How do you react when you are humming along and, suddenly, you get an assignment from out of left field? Perhaps your boss has asked you to jump on something immediately. Maybe a client calls. Maybe something gets returned to you that you felt was complete.

If you are like most professionals, you immediately will become flustered. The intrusion on your time and your progress means that you are not going to accomplish all that you set out to before the end of the day. Is there a way to proceed and still feel good about all that you accomplish?

A Supplemental To-do List

I believe there is, and it involves making a miniature, supplemental to-do list that accurately and completely encapsulates the new task you now need to handle.

Why create this supplemental to-do list? It gives you focus and direction, reduces anxiety, and increases the probability that you will remain buoyant at the time of its completion and be able to turn back to what you were doing before the task was assigned.

If you don’t compose such a list, and simply plow headlong into the unexpected challenge that has come your way, you might not proceed effectively, and you might never get back to the to-do list on which you were working.

Unforeseen tasks that arise represent more than intrusions on our time; they represent intrusions on our mental and emotional state of being.

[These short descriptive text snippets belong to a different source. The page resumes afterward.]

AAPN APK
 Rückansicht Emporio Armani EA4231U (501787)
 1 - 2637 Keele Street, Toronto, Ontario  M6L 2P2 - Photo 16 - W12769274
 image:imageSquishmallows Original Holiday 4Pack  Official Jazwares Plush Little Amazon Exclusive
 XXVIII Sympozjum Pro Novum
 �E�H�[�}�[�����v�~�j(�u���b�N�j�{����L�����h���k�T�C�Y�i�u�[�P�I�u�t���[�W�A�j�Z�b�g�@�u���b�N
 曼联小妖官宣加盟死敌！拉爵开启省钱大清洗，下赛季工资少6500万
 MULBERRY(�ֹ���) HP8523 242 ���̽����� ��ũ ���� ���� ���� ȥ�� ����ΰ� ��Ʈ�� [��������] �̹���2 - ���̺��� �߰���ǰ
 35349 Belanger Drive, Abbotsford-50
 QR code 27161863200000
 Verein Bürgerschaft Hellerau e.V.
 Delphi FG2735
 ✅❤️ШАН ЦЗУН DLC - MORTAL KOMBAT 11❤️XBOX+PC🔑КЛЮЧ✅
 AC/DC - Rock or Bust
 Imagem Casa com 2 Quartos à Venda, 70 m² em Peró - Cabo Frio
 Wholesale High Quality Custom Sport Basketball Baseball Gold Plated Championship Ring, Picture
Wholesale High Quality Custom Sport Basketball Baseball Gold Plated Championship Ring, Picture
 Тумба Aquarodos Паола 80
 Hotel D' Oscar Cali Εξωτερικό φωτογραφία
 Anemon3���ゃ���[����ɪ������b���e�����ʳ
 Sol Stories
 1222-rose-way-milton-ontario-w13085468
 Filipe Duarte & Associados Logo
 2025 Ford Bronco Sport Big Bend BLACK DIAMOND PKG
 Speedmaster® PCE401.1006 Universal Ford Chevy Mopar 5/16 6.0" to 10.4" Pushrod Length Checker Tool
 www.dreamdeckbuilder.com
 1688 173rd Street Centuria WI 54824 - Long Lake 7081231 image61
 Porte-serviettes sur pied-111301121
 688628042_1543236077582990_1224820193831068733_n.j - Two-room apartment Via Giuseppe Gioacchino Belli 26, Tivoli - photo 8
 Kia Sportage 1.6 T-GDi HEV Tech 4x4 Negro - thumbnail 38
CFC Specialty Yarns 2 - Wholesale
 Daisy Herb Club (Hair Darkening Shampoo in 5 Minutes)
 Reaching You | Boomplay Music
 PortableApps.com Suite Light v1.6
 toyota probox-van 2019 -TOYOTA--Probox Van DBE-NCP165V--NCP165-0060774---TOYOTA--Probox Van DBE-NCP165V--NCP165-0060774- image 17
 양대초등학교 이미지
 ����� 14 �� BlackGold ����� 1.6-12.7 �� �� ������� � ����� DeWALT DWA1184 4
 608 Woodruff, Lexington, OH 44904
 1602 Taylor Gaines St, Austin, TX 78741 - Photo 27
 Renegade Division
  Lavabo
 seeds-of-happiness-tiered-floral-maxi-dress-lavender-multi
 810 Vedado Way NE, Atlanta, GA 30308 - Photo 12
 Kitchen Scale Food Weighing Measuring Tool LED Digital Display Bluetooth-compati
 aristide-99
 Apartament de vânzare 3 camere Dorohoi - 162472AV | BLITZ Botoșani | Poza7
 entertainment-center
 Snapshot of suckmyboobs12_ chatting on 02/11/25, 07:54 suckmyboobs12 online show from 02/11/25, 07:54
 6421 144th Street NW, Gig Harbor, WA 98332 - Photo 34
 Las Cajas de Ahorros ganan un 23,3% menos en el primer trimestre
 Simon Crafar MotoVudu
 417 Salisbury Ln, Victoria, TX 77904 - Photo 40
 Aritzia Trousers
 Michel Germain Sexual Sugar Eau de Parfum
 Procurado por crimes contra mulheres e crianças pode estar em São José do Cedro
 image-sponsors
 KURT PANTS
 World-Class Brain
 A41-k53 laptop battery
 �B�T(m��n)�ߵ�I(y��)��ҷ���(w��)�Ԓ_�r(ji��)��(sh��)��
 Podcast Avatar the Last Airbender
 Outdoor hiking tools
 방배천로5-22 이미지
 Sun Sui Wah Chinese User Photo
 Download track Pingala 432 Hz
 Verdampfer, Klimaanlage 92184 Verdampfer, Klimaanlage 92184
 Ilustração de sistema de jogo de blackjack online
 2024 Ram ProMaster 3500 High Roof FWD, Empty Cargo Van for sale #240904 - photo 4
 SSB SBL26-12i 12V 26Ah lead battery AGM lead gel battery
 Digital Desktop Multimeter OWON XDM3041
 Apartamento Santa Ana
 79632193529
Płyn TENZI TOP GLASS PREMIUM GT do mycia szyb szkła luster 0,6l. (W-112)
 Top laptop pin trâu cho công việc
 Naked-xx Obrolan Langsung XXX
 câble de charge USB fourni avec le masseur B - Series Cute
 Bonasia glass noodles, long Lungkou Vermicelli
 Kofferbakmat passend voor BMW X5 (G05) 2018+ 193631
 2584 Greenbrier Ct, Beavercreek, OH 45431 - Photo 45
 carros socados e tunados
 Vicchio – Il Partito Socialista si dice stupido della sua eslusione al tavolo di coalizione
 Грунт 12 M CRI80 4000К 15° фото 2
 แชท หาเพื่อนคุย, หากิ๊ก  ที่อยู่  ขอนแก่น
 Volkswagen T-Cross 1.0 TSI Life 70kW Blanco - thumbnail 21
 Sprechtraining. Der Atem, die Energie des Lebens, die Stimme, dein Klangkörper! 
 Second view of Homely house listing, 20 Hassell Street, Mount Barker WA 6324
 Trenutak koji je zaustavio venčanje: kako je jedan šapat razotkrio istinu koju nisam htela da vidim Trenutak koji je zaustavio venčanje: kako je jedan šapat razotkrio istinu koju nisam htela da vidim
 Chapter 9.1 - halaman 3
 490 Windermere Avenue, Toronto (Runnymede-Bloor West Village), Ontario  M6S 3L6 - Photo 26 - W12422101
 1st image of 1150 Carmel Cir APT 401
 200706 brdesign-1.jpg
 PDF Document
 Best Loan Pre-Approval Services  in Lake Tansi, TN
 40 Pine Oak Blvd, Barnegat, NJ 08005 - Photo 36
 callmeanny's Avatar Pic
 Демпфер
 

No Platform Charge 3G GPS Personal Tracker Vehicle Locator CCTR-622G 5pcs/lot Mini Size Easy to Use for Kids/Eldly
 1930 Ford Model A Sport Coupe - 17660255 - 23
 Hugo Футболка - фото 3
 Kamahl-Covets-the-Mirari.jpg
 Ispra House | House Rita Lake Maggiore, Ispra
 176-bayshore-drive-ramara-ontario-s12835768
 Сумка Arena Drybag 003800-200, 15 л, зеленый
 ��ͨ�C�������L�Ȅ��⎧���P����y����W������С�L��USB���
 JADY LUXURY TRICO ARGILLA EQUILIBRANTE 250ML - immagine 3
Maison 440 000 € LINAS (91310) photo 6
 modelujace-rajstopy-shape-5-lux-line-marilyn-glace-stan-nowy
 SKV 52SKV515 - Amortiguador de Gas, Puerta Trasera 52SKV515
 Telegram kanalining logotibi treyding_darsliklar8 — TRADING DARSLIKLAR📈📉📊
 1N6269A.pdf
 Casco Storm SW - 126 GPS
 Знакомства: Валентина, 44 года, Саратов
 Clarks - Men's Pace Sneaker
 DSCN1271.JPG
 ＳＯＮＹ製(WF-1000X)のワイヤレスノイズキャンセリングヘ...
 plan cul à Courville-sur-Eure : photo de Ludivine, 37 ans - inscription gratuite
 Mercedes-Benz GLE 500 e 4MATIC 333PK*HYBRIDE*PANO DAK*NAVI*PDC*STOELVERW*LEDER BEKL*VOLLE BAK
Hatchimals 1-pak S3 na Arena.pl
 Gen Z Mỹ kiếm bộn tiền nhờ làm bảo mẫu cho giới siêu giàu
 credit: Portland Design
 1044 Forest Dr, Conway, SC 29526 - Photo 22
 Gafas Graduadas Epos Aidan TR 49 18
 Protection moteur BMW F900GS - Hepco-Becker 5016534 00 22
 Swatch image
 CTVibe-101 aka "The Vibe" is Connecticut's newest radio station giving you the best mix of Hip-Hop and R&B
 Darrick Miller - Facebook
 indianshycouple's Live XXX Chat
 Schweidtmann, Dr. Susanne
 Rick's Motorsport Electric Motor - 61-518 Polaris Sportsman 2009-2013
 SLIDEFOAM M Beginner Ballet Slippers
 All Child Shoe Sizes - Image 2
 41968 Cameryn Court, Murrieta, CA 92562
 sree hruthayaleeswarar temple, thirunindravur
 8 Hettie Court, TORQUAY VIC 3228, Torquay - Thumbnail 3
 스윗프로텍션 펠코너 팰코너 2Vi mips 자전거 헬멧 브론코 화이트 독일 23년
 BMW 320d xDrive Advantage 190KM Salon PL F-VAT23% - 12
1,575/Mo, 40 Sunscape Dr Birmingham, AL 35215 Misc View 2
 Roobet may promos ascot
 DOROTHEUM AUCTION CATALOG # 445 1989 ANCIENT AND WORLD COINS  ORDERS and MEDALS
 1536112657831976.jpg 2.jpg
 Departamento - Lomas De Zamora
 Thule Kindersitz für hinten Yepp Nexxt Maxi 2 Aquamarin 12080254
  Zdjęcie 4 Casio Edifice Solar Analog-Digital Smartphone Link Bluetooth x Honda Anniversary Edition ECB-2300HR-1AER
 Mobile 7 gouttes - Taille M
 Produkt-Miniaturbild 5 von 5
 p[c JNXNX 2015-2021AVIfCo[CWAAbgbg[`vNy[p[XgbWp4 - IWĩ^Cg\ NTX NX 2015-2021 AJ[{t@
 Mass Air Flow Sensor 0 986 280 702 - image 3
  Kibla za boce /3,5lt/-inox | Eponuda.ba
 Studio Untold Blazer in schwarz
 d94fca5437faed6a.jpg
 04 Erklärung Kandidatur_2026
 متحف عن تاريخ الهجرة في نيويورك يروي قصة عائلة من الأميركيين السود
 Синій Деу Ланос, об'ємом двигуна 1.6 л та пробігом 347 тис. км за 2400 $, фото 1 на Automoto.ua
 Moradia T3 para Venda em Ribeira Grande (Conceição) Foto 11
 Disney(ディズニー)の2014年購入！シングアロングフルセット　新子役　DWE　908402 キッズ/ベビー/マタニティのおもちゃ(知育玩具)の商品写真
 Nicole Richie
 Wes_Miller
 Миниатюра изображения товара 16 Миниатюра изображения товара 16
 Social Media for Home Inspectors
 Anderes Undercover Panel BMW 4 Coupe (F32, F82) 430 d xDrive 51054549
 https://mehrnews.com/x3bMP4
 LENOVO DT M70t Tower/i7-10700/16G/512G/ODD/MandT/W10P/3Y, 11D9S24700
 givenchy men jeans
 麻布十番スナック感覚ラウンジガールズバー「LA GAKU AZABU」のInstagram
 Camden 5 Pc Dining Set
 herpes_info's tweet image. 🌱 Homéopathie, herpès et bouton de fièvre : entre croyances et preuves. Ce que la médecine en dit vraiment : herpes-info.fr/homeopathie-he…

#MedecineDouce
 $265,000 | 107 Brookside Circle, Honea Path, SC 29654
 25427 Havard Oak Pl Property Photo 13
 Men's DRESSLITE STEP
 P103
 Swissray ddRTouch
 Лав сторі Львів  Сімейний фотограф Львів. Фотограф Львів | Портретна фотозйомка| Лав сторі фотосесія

Some people are naturally good at handling unexpected situations and often work as public servants, such as police officers and firefighters, or in health care, as nurses and orderlies.

Most of us, however, are not wired like this. Interruptions and intrusions take us off the path that we wanted to follow, and tend to be at least momentarily upsetting. Hereafter, when executing the items on your to-do list, proceed with the mindset that there will be an interruption of some sort. You don’t know when it is coming or how large it will be, but it will pull you off course.

Equanimity Reigns

The key question for you is: Can you develop the capacity to maintain balance and equanimity in the face of such disruptions? The good news is that you can, and it all starts with acknowledging that the situation is likely to happen, devising a supplemental checklist to handle the new task, and as deftly as possible, returning to what you were doing.